→ Directions: Start at the top of the records and, please, print each line exactly through the line that contains "Xe LandRover Range", leaving out all pictures.

→ The data:
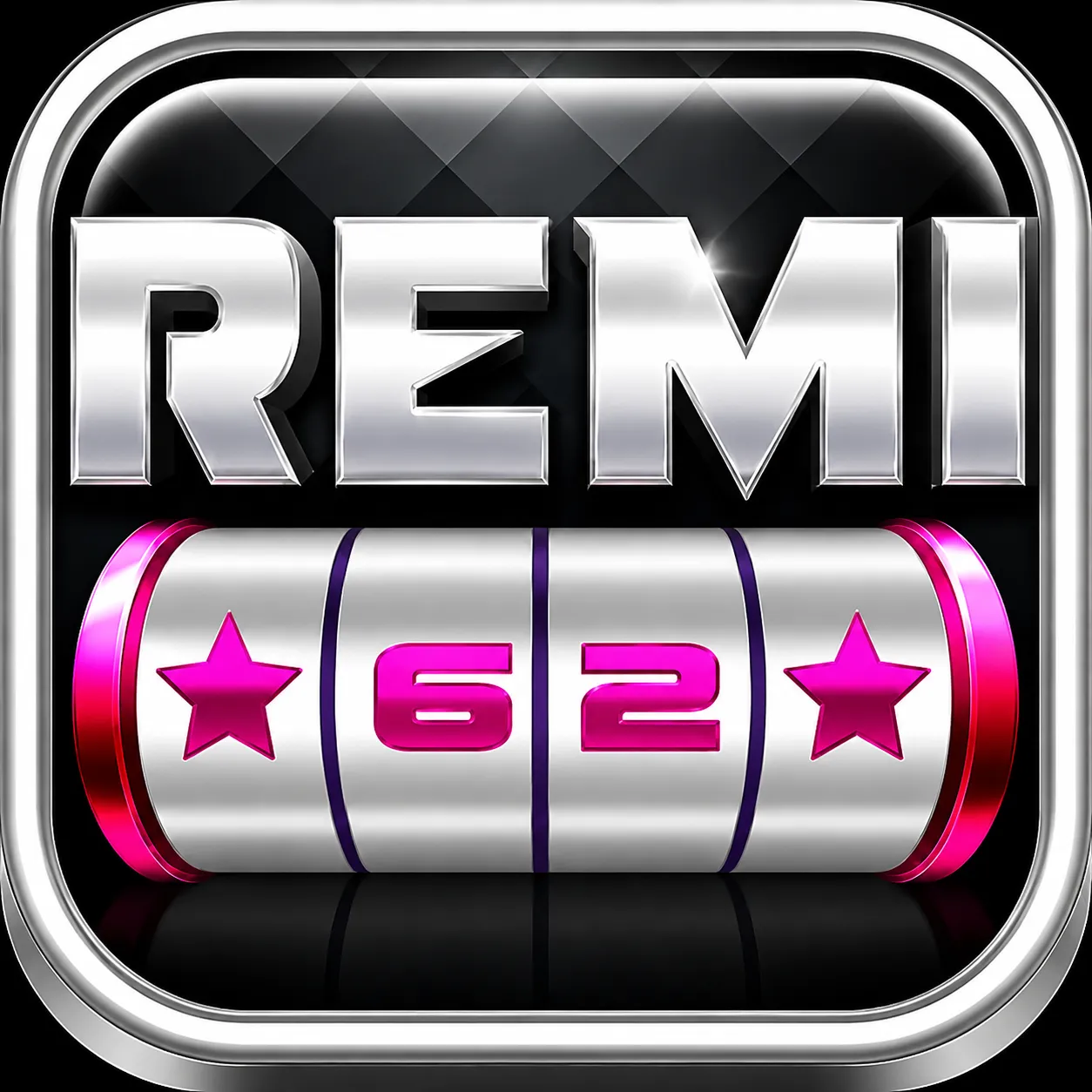 REMI62 - Kengerian Abadi dalam Permainan
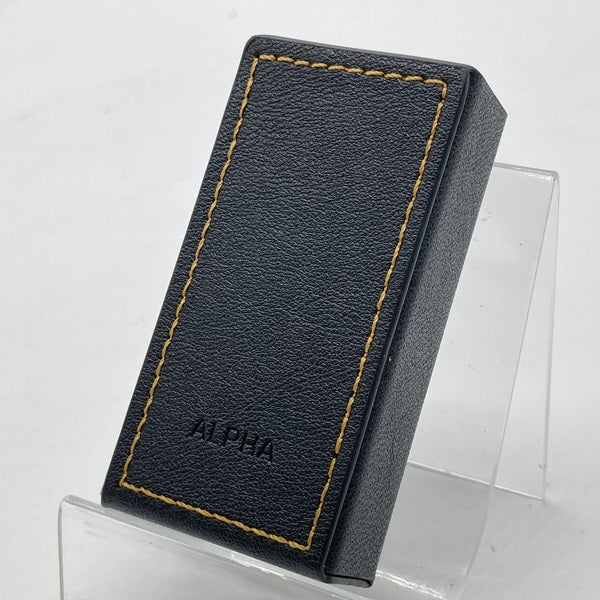 【中古】Alpha XI1 専用ケース【日本橋】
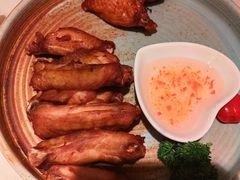 -茉莉餐厅(包河万达店)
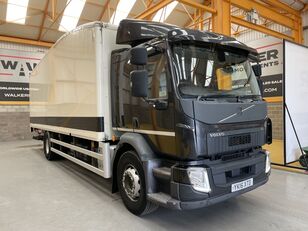 Volvo FL250  camión furgón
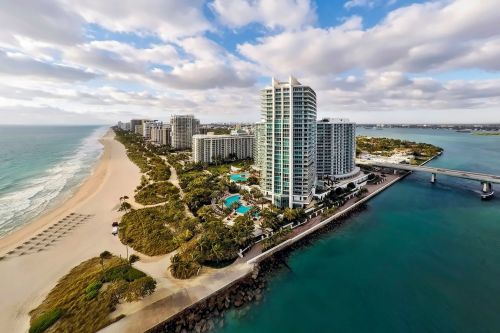 Ritz Carlton Bal Harbour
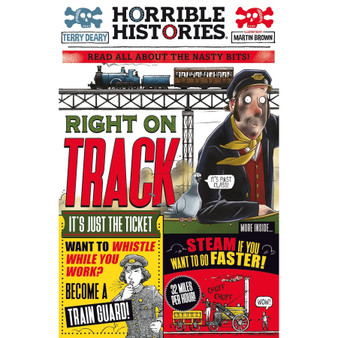 Right on Track: Newspaper Edition - ISBN 9780702312359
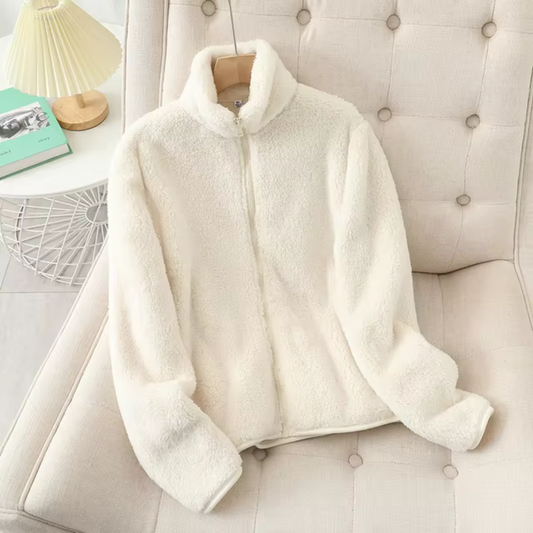 Eliana - Warme dickere Jacke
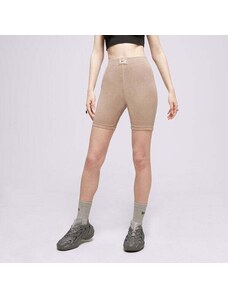 Reebok Szorty Cl Rbk Nd Legging Shorts Damskie Odzież Leginsy HS0376 Różowy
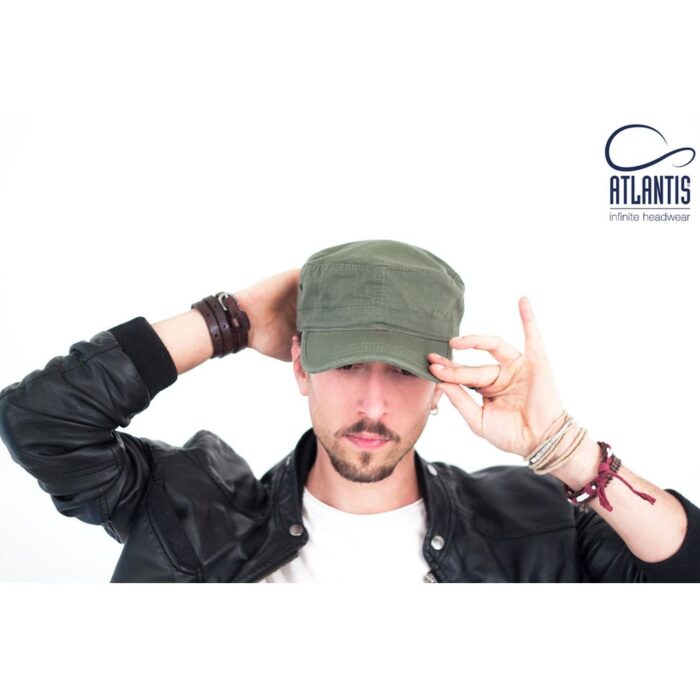 Atlantis Army Lippalakki - Image 3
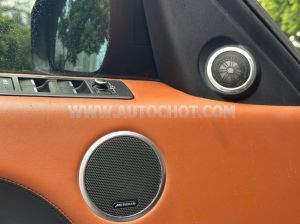 Xe LandRover Range Rover Sport HSE Dynamic 3.0 SDV6 2015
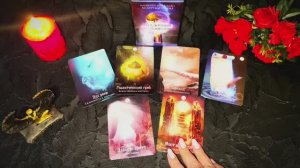 ✨☝️Чем одарят Вас Небеса в ближайшее время ❓💯⚡️#tarot #таро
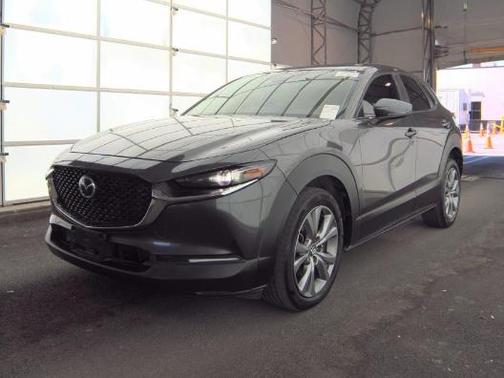 2021 Mazda CX-30 Preferred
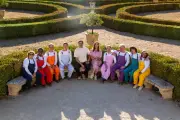 Les As du Jardin : le Top Chef des jardiniers débarque sur France 5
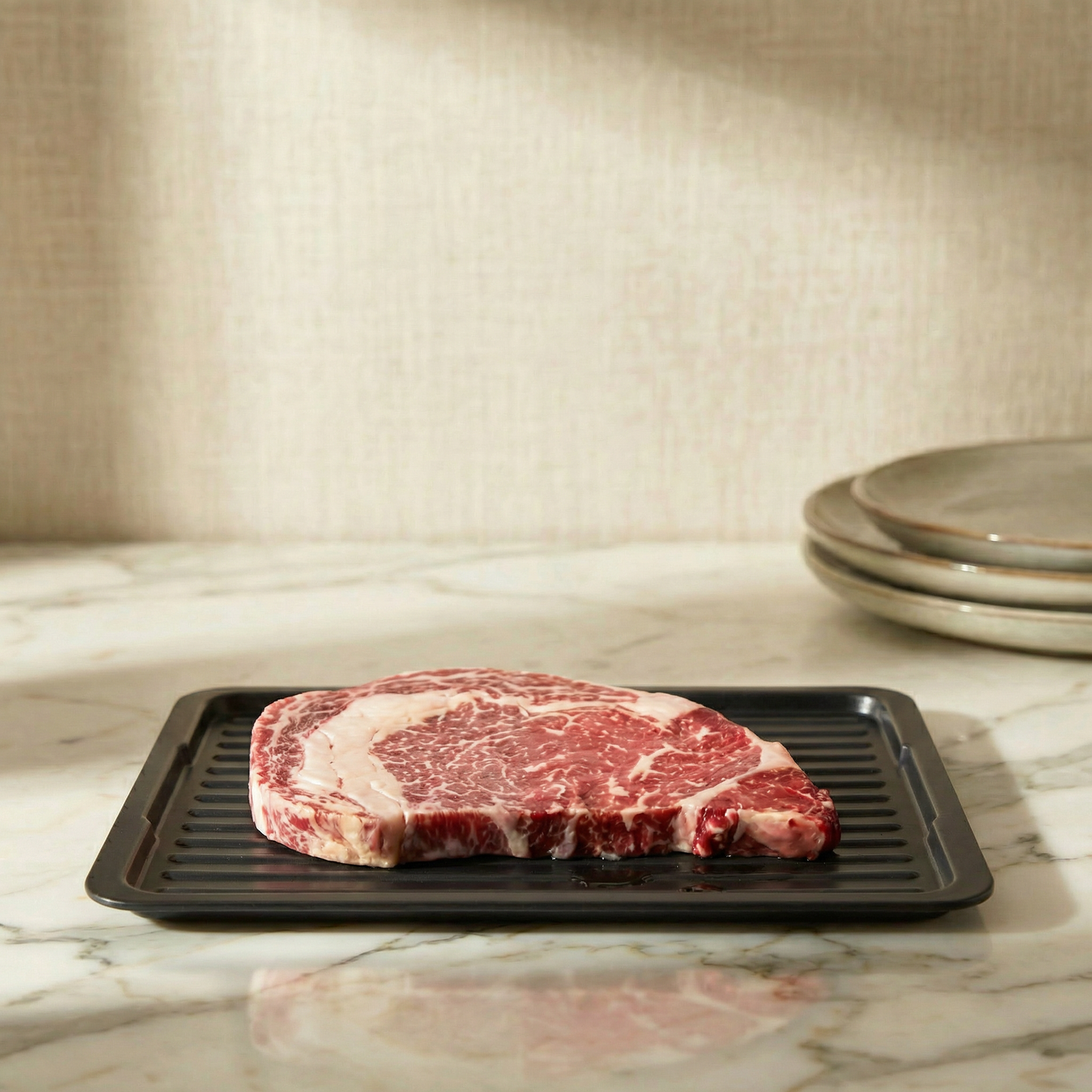 Tabla Descongeladora Chefsitos | Descongela rápido y de forma natural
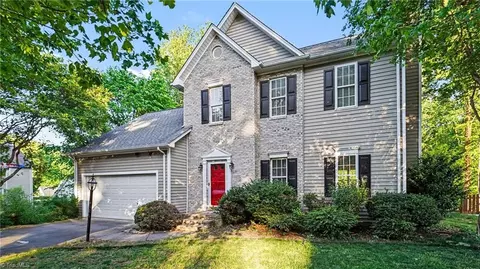 1515 Klompen Rd, Kernersville, NC 27284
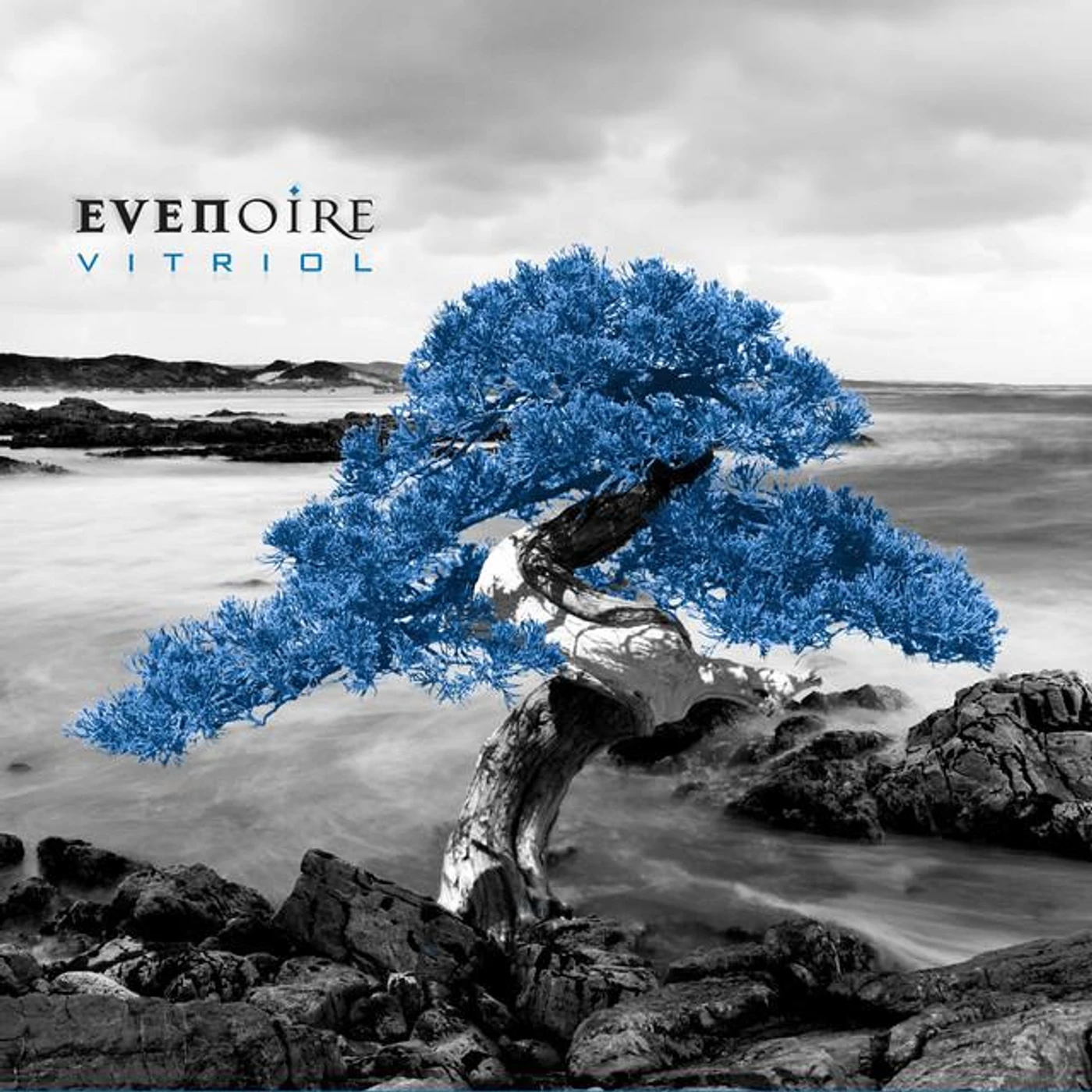 Evenoire Brand Page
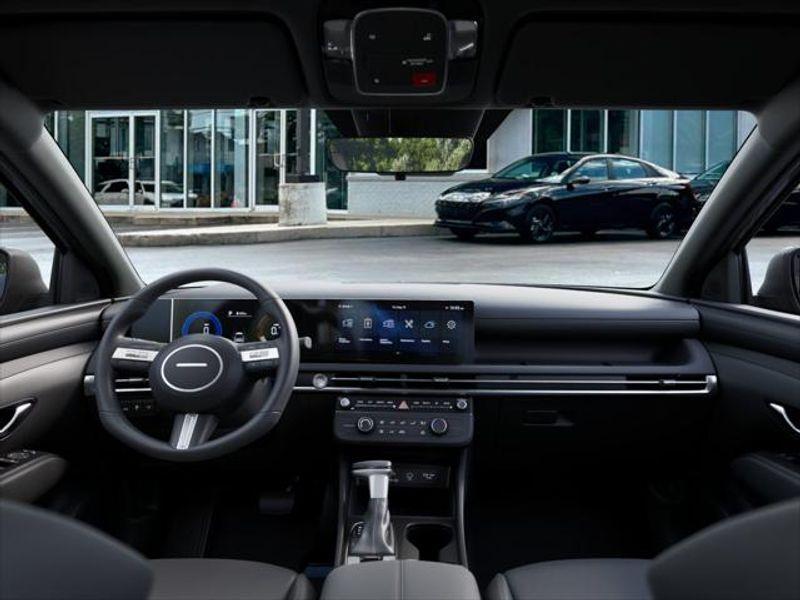 new 2025 Hyundai SANTA CRUZ car, priced at $31,120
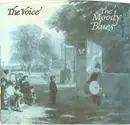 7'' - The Moody Blues - The Voice / 22,000 Days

→ Task answer:
 REMI62 - Kengerian Abadi dalam Permainan
 【中古】Alpha XI1 専用ケース【日本橋】
 -茉莉餐厅(包河万达店)
 Volvo FL250  camión furgón
 Ritz Carlton Bal Harbour
 Right on Track: Newspaper Edition - ISBN 9780702312359
 Eliana - Warme dickere Jacke
 Reebok Szorty Cl Rbk Nd Legging Shorts Damskie Odzież Leginsy HS0376 Różowy
 Atlantis Army Lippalakki - Image 3
 Xe LandRover Range Rover Sport HSE Dynamic 3.0 SDV6 2015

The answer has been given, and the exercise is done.